Wednesday, October 6, 2010

Women of East Germany

This is facinating - a study has found that women raised in East Germany are, well, better. They diet less, make only 6 percent less than men, compared to the West's 26 per cent. They have kids earlier and work full time and have higher-positioned jobs. They have less issues about childcare and balancing work/parenting. Younger childrearing and daycare aren't necessarily positive things in themselves, but the lack of neurosis surrounding them might be. You could argue that sending a kid to daycare at 3 months is too soon, that he needs his mom around him constantly for a little longer. But if the mom, when she does bring him home, feels no guilt, is positive and happy and fulfilled in the time she has with him, that's probably a good thing.

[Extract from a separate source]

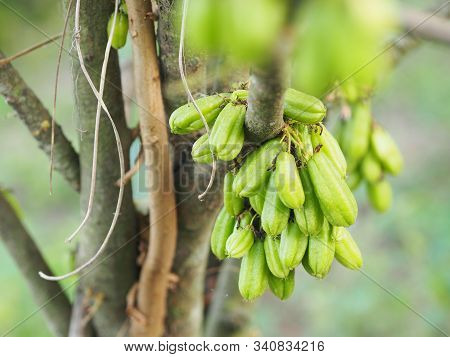 Averrhoa Bilimbi, Oxalidaceae, Bilimbi, Bilimbing, Cucumber Tree Green Fruit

But it makes me think about the positives of growing up in a Communist sustem, which are never, ever talked about. We value freedom above all else, so any system that restricts it is EVIL. But the few people I've met who have grown up under communist rule; my bitchy but brilliant translator in Kazakhstan, Sacha; Xiao Bei, a former Red Guard; the poets we met in Cuba who ran the Writer's Union there; my step-father's good freind who had to build his own computer from the scraps we sent him, piece by piece in the mail. They were so self-sufficiant, such hard-workers, that talking to them made the weaknesses that come from having grown up in the West flare up like a rash.

Sacha had a mind like a steel trap and worked with a focus and energy that blew me away. She wasn't nice, which was startling because, where I'm from, niceness, especially in women, is very important. I mean, most ANTM winners climb to the top based on their "likeability." Presidents are elected based on "likeability." It's a personal softness that indicates the common touch, a relateability. You haven't gotten too big for your britches if you're still likeable.

But Sacha grew up not having the luxury of worrying about things like that. Maybe a little hardship produces personal strength, and we've constructed our culture so much around likeability, commonality, individual convenience and comfort; TV watched alone in our living rooms, ect ect, that we've lost a bit of that strength. I know very strong people from North America, of course. But culturally, comfort has taken a big lead in priorities. Comfort and freedom. Maybe that bubble has burst now, though. We're paying the price for easy luxury.

2 comments:

  1. I love this, C. I'm sure Communism has major disadvantages too, but I also think that North Americans (many Westerners) have definitely lost perspective - from the 20th Century onward - with regards to comfort, and even freedom. We create our own pathologies by eschewing the hard truths of capitalism and bury these beneath a flimsy banquet of pop culture.

    ReplyDelete
  2. Totally. Comfort/convenience as a right, rather than privledge. This belief created the housing bubble. Well, the banks and lack of regulation did, but that core belief supplied the need. You must read Freedom by Johanthan Franzen. It lives up to the hype, in spades.